In the year 820 the Assyrians crossed the mountain Kullar (probably the northern part of the main range of the Zagros), collecting on their way the tribute from the king of the country Hubuškia, from the Manneans, the inhabitants of Parsua and others. After this Šamši-Adad V marched through the lands of the Messians at the headwaters of the Jaḡatū and entered the mountains bordering Urmia and Media. Two Gizilbundi rulers sent a tribute of horses, while a third ruler (Pirišati) decided to resist. The inhabitants of his dominion gathered in the stronghold of Uraš, but the Assyrians stormed it and took Pirišati prisoner, after which they continued into Media. Hanaṣiruka, a Median chief, fled into the snow-mountains but later decided to give battle to the Assyrians. According to the Assyrian inscription, the Medians lost 2,300 killed, and 140 horsemen captured, and 1,200 inhabited places, including the stronghold Sagbita, the residence of Hanaṣiruka, were destroyed. When the Assyrians were on their way back, Munsuarta, ruler of Araziaš, barred their way. However, the Assyrians defeated the Medes, killing 1,070 men, and drove away a large quantity of cattle. Before the return of Šamši-Adad to Assyria over the passes of Mount Kullar, twenty-eight rulers of Parsua and of other dominions bordering on Lake Urmia brought him tribute. An Assyrian inscription enumerates these rulers by name and gives the names of their dominions, most of them bear pre-Iranian names, but at least ten of them have definitely Iranian names. This campaign of 820 B.C. was undertaken by the Assyrians to prevent an alliance between the Mannean-Median tribes with Urartu, whose power had greatly increased by that time.
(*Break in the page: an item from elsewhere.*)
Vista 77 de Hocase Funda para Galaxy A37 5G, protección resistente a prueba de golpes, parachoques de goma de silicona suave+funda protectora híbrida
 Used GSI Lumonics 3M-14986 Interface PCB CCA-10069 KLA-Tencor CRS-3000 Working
The annals of the next decades have not come down to us, but according to the list of eponyms, the Assyrians made seven expeditions against Media (in the years 809, 800, 799, 793, 792, 788 and 766) and Two against Manna (807 and 806). Later the Assyrians did not make war on Manna, which, owing to the growing expansion of Urartu, became a faithful ally of Assyria and grew to be a powerful state. According to an Assyrian inscription of about 802 B.C., the Assyrians claimed sovereignty over Ellipi, Ḫaṛḫar, Araziaš, Messi, the country of the Medes, “the whole of Gizilbundi,” Manna, Parsua, Alabria, Abdadana, as far as Andia.
From the end of the ninth century a long-drawn political crisis began in Assyria which led to an internecine war between the military party headed by the king and that of the priests and traders of Assyrian cities; as a result Assyria weakened. Urartu, Assyria’s northern neighbor and main opponent of the time took advantage of this and inflicted several defeats on Assyria and seized part of the territory of Manna and of Parsua. Assyrian attempts to regain these provinces did not, for the time being, meet with success.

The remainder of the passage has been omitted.